Friday, February 12, 2016

Stations of the Cross

Yesterday I reminisced here about the Lenten stational churches of Rome, recalling my own privileged opportunity to participate in most of them four years ago. Today, this 1st Friday of Lent, my attention shifts to the more familiar Lenten stations - the ever-popular (but never more so than in Lent) devotion of the Way of the Cross. It is a common custom in the Catholic world to celebrate the Stations of the Cross as a community on the Fridays in Lent - in many places preceded (or followed) by a Lenten Friday Fish dinner.

I think the dinner tradition may be originally a midwestern custom. In any case, it was not common in New York when I was growing up - perhaps because of the size of the parishes there or because there were other preferred ways of building and expressing community. As for the Stations themselves, unless I happened to be assigned to serve at the 8:00 p.m. "adult" Stations, my experience of the annual Lenten Stations was with my fellow students, since all but the lowest grades were required to attend the Stations in the church at the end of the school day.

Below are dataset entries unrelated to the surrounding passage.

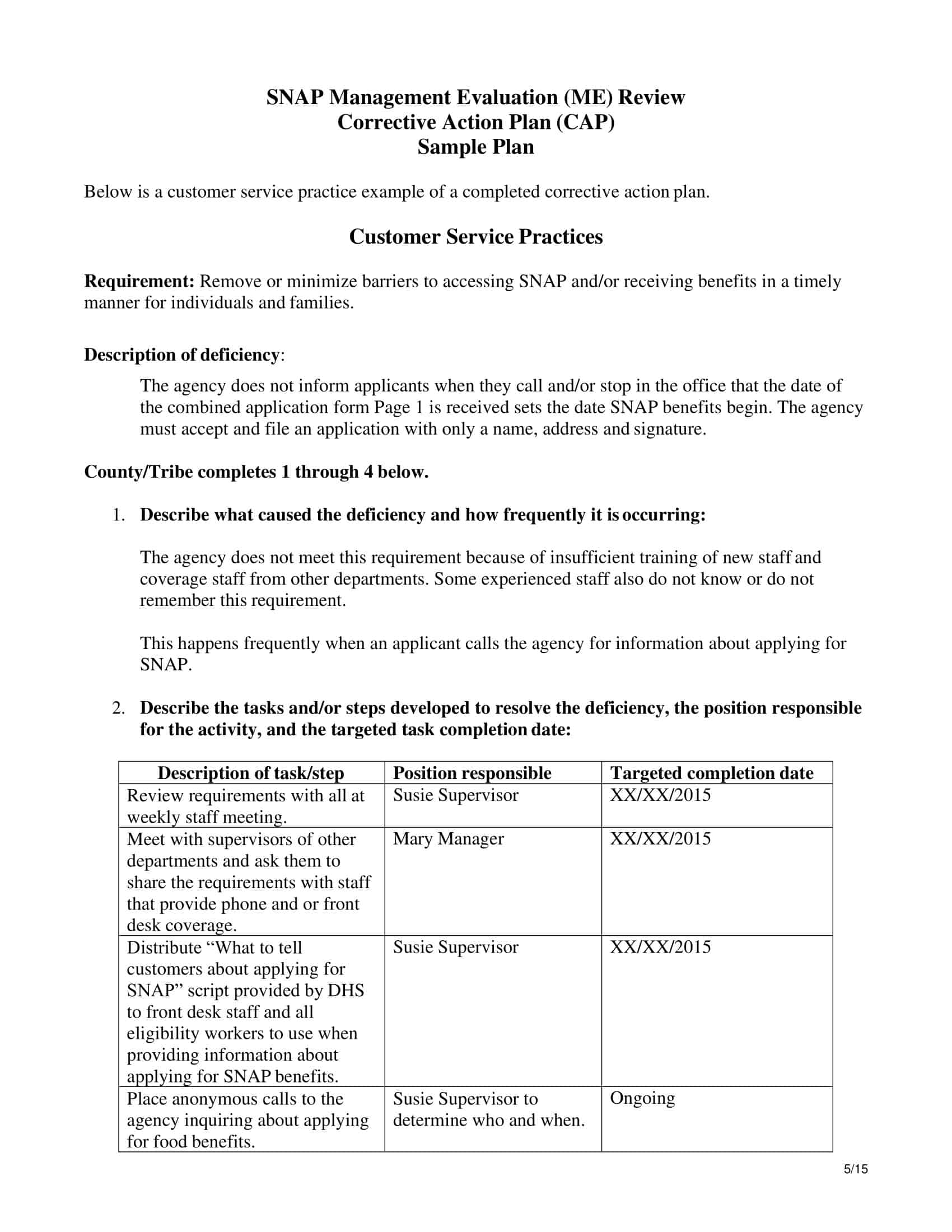 corrective action plan letter corrective action plan letter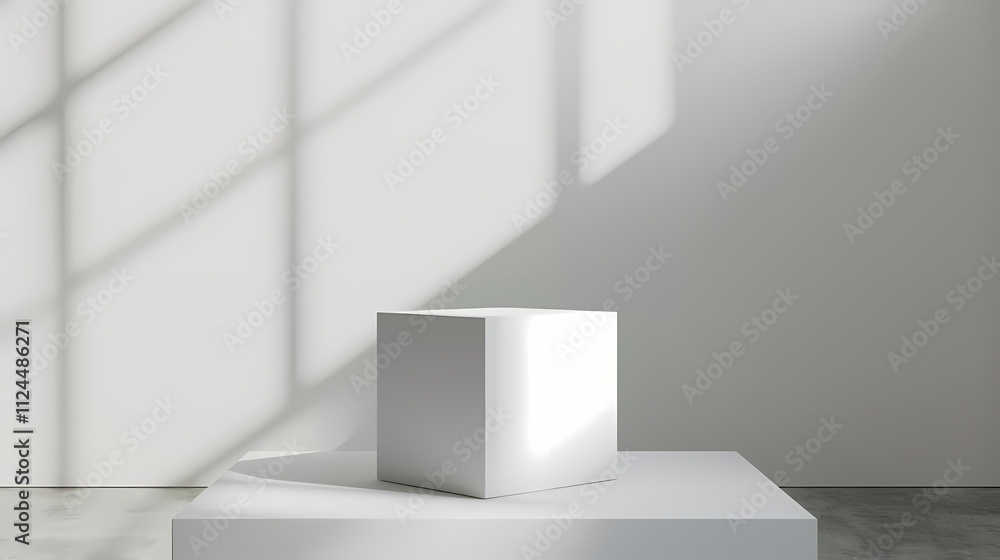 Poster sunlit cube mockup: minimalist product display with a white cube on a platform, bathed in soft sunli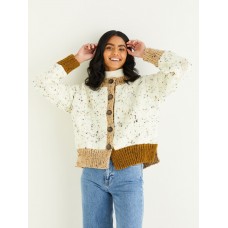FREE PIECED TOGETHER CARDIGAN IN HAYFIELD BONUS CHUNKY TWEED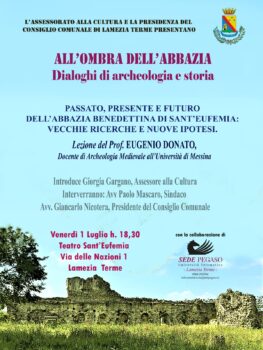 “All’ombra dell’Abbazia”, domani primo incontro a Sant’Eufemia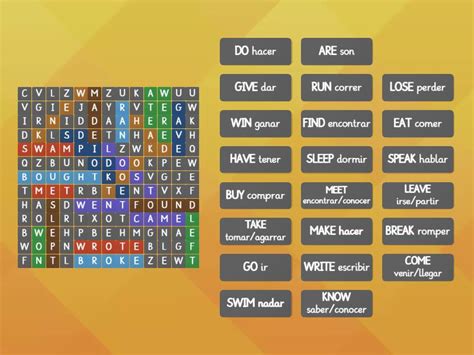 Simple Past Irregular Verbs Sopa De Letras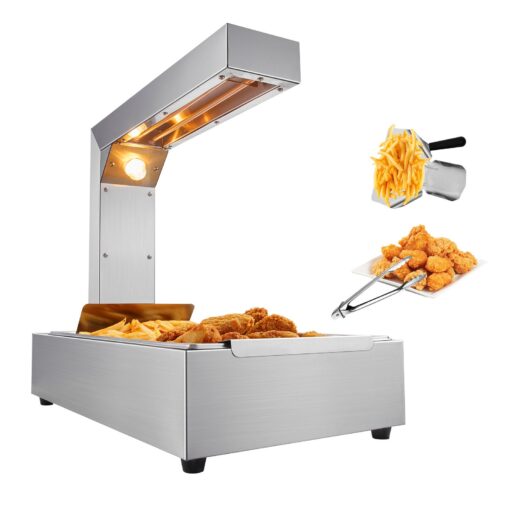 VEVOR Electric Food Warmer Station with Stainless Steel and Light for French Fries and More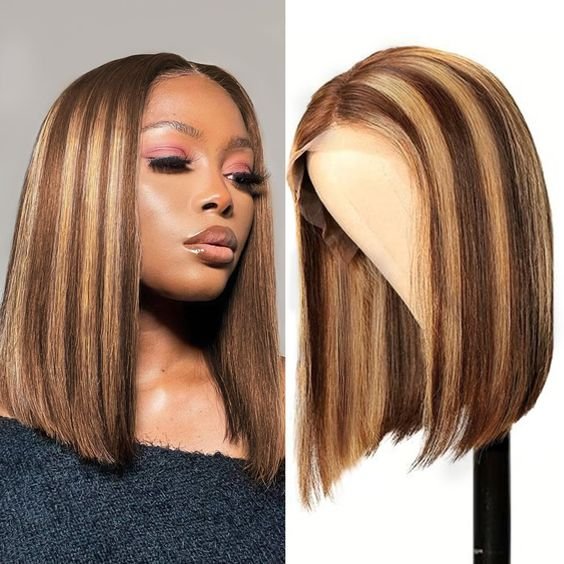 Remy Transparent 13x4 Lace Frontal Human Hair Wigs,P4/27 Straight bob wig Human Hair Colored Bob Wig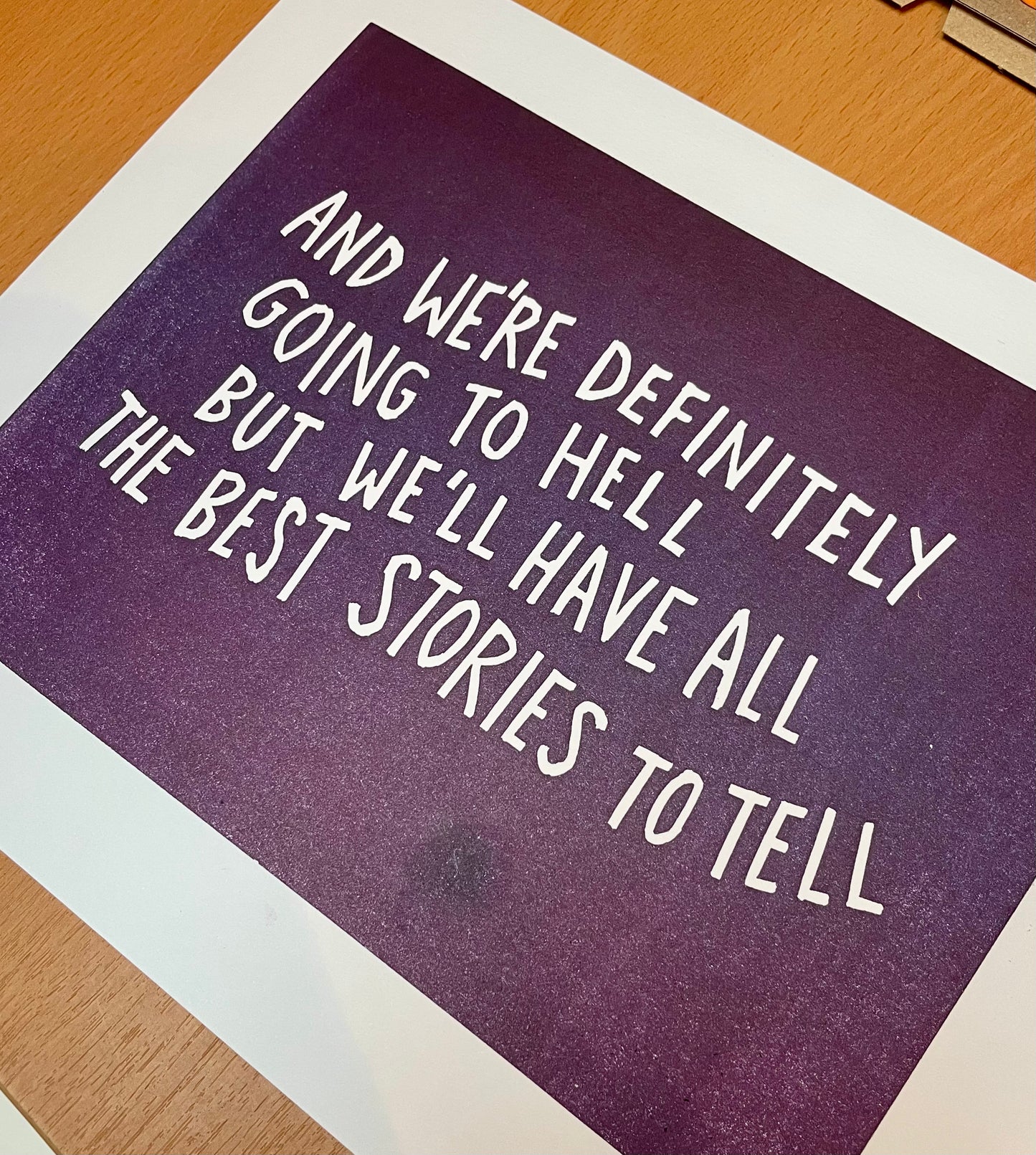 Frank Turner ‘The Ballad of Me & My Friends'  lyrics inspired linocut print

Not quite (but almost) filling up that large church, we stood, knelt, and genuflected at the prescribed times as the priest and altar servers stopped and prayed at each station, and we sang the Stabat Mater as lugubriously as possible in between stations.Together with Benediction after the Stations, that meant we got to do lots of singing, which I always enjoyed in those days

An apparently quaint custom that could easily have been killed off in the craziness of the late sixties and seventies, the Stations somehow survived, sometimes admittedly with verbose texts that sounded more like a political ad than a meditation, but they survived to re-emerge triumphant another day.